# Relocating to Quinta do Conde, nr Sesimbra/Setubal



## purdieclan (May 24, 2013)

Hi, we are possibly relocating to Quinta do Conde from the UK with our 3 young children aged 2, 5 and 7. I am trying to find out about pre-schools and primary schools, but not having much luck. Can anyone help please?!
Thanks


----------



## canoeman (Mar 3, 2011)

You need to look up the Camara site this is Sesimra's Câmara Municipal de Sesimbra look under education as a start
This is the Junta (similar to UK Parish Council) site for Junta de Freguesia da Quinta do Conde | Freguesia do concelho de Sesimbra


----------



## brunof (May 28, 2013)

Hi Purdieclan, there´s a couple of public pre-schools (over 5 y old) and 5 primary schools (over 6 y old) admissions always dependind on the date of birth. I have 2 daughters (4 and 10) the litlle one is on aa private nursery (hope she joins pre-school in Sept) and the oldest one on Secondary School.

I live there so if you need more info let me know.

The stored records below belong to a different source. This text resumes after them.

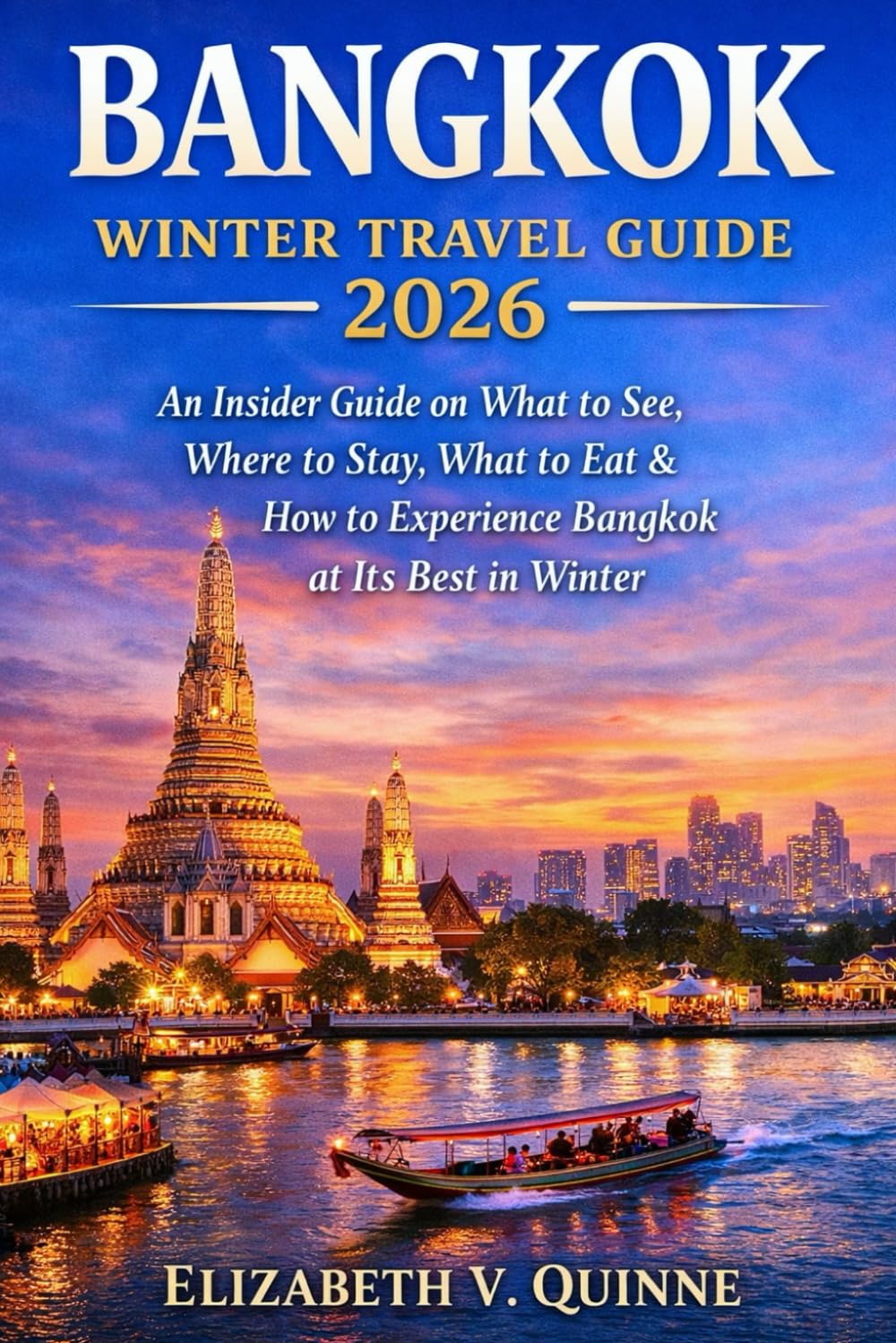 Bangkok Winter Travel Guide 2026: An Insider Guide on What to See, Where to Stay, What to Eat & How to Experience Bangkok at Its Best in Winter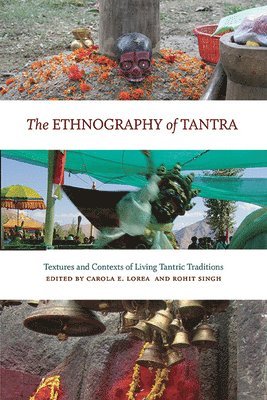 Carola Erika Lorea, Rohit Singh - Ethnography of Tantra, Häftad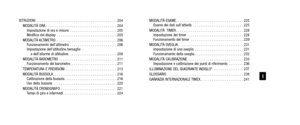 Page 98ISTRUZIONI . . . . . . . . . . . . . . . . . . . . . . . . . . . . . . . . . . . . \
. . . . . . . 204MODALITÀ ORA . . . . . . . . . . . . . . . . . . . . . . . . . . . . . . . . . . . . \
. . 204 Impostazione di ora e misure . . . . . . . . . . . . . . . . . . . . . . . . . 205
Modifica del display . . . . . . . . . . . . . . . . . . . . . . . . . . . . . . . . 205
MODALITÀ ALTIMETRO . . . . . . . . . . . . . . . . . . . . . . . . . . . . . . . . 206 Funzionamento dell’altimetro . . . . . . . . . . . ....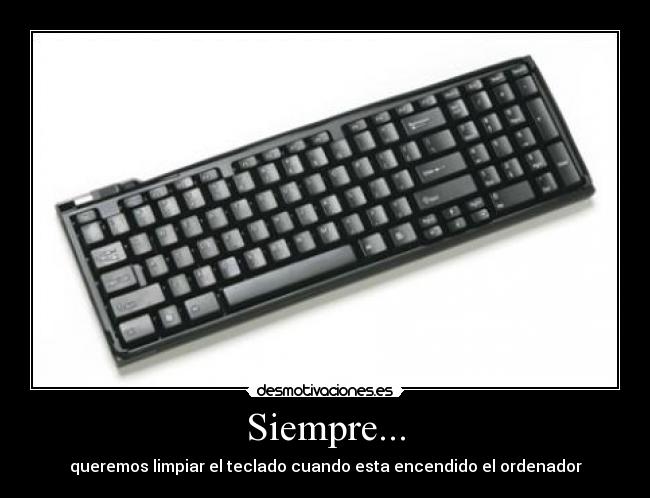 Siempre... -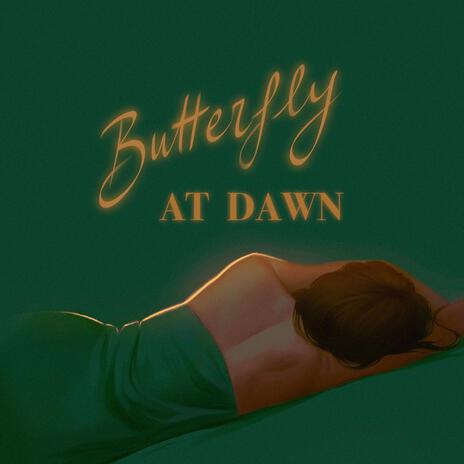 Butterfly at Dawn ft. Evéa | Boomplay Music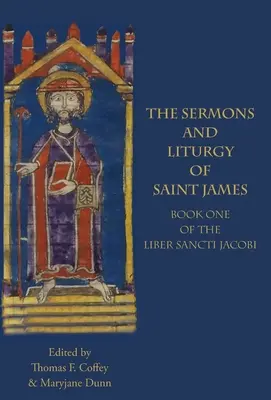 Sermones y liturgia de Santiago: Libro I del Liber Sancti Jacobi - The Sermons and Liturgy of Saint James: Book I of the Liber Sancti Jacobi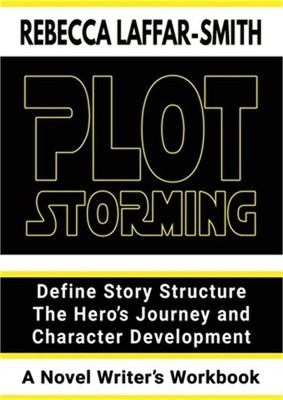 Plot Storming Workbook: Define Story Structure, The Hero's Journey, And Characte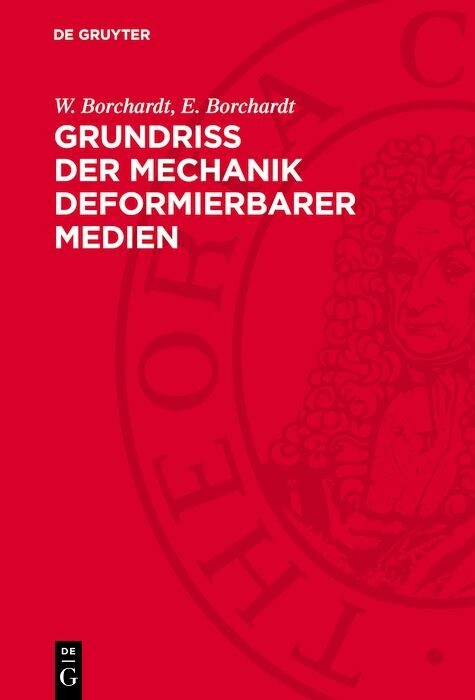 Grundriß der Mechanik deformierbarer Medien -  W. Borchardt,  E. Borchardt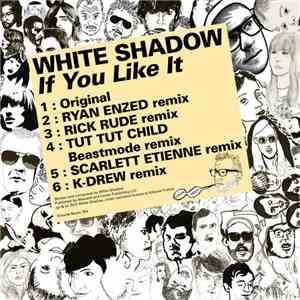 White Shadow  - If You Like It flac album
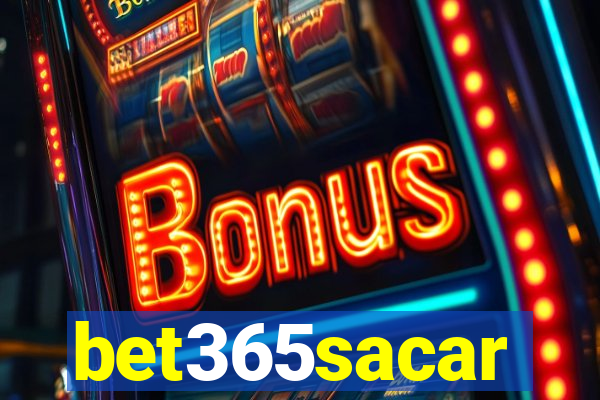 bet365sacar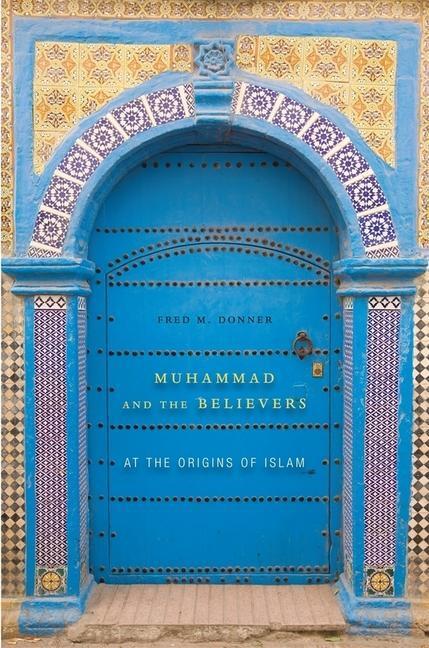 Cover: 9780674064140 | Muhammad and the Believers | At the Origins of Islam | Fred M. Donner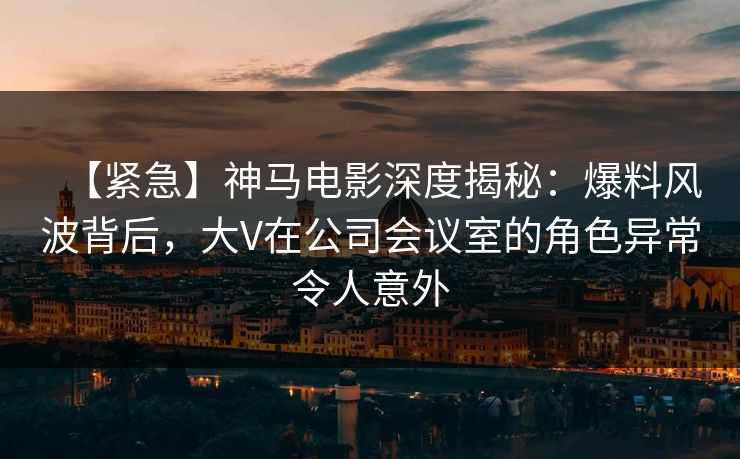 【紧急】神马电影深度揭秘:爆料风波背后,大V在公司会议室的角色异常令人意外 【紧急】神马电影深度揭秘:爆料风波背后,大V在公司会议室的角色异常令人意外
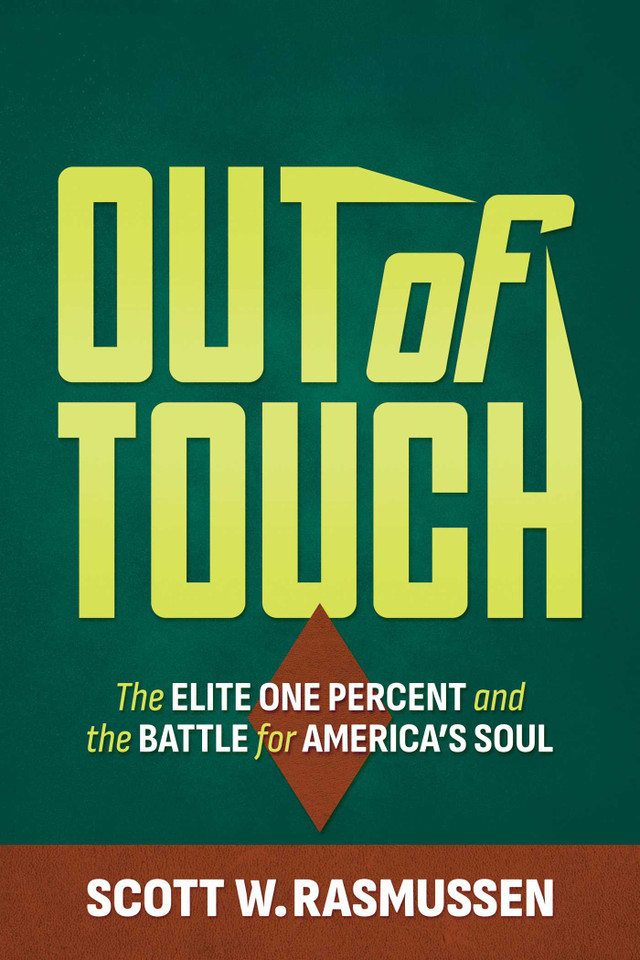Out of Touch: The Elite One Percent and the Battle for America's Soul book cover by Scott W. Rasmussen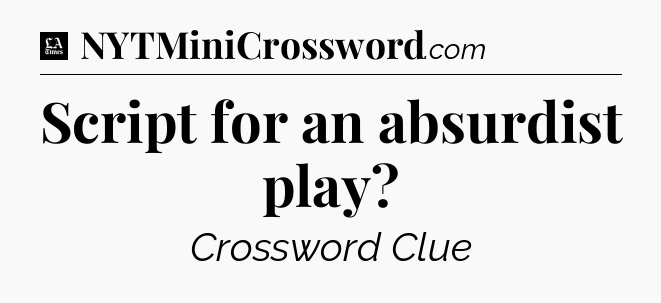 Script for an absurdist play - LA Times Crossword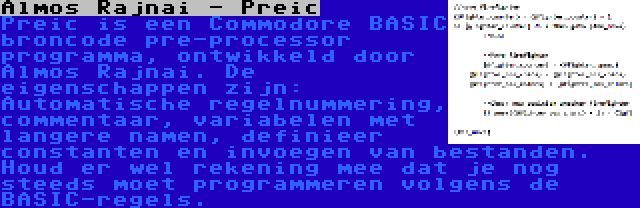 Almos Rajnai - Preic | Preic is een Commodore BASIC broncode pre-processor programma, ontwikkeld door Almos Rajnai. De eigenschappen zijn: Automatische regelnummering, commentaar, variabelen met langere namen, definieer constanten en invoegen van bestanden. Houd er wel rekening mee dat je nog steeds moet programmeren volgens de BASIC-regels.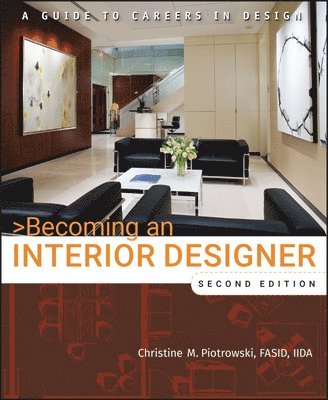 Christine M. Piotrowski, Christine M Piotrowski - Becoming an Interior Designer, Häftad
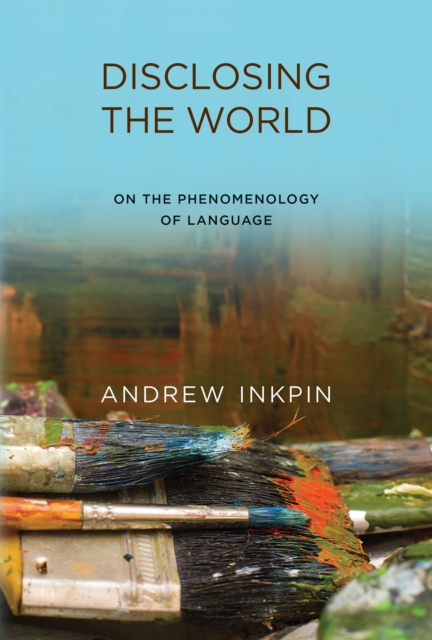 Disclosing the World : On the Phenomenology of Language, Paperback / softback Book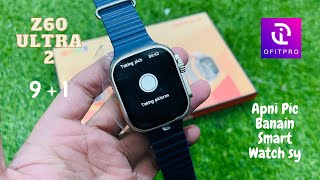 How to Operate Mobile Camera from Z60 Ultra 2 Smart Watch | 9 + 1 | App : OFITPRO | Urdu screenshot 3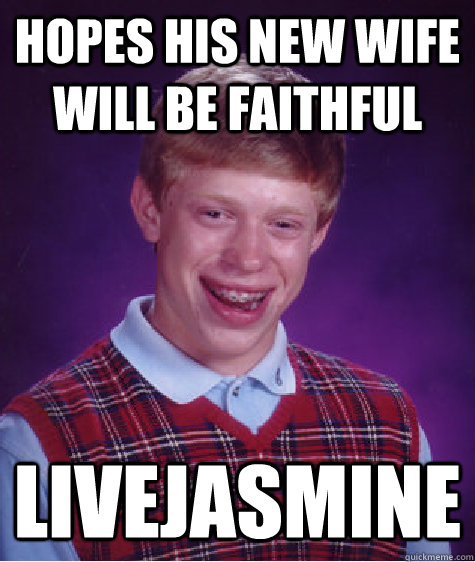 hopes his new wife will be faithful livejasmine  Bad Luck Brian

How you managed to find Quinta do Conde? Not many expats around here  but plenty in Azeitão area as I heard

B


----------



## purdieclan (May 24, 2013)

Thanks B, 
My mother in law lives there so we are looking to relocate, possibly only for 6-12 months, maybe shorter, maybe longer! I think my son will go into his second year over there, I am basing it on his cousin who is a month older and lives out there.
My daughter would do 1 more year in preschool - she would go into reception if we stay here.
Thank you very much for the info. I will let you know if we do come over, it's still up in the air and we will know more by the end of July.
Regards
C


----------



## purdieclan (May 24, 2013)

Brunof 
How do you find living in Quinta do Conde? It is looking very possible that we will move, although I would rather not! Is there much for children to do? We only come out for a week at a time and spent most of the time at the beach or the park opposite Lidl.
Any thoughts would be welcome!
Thanks
C


----------



## purdieclan (May 24, 2013)

Brunof, is there any way my husband can get in touch? He is out there right now and would really like to get a bit of advice. Not sure how to private message you on this site, if there is a way at all.
LEt me know and we can work something out.
Many thanks
C


----------



## oronero (Aug 24, 2012)

purdieclan said:


> Brunof, is there any way my husband can get in touch? He is out there right now and would really like to get a bit of advice. Not sure how to private message you on this site, if there is a way at all.
> LEt me know and we can work something out.
> Many thanks
> C


If you reply to a few more messages then you should have enough posts to be able to send a private message.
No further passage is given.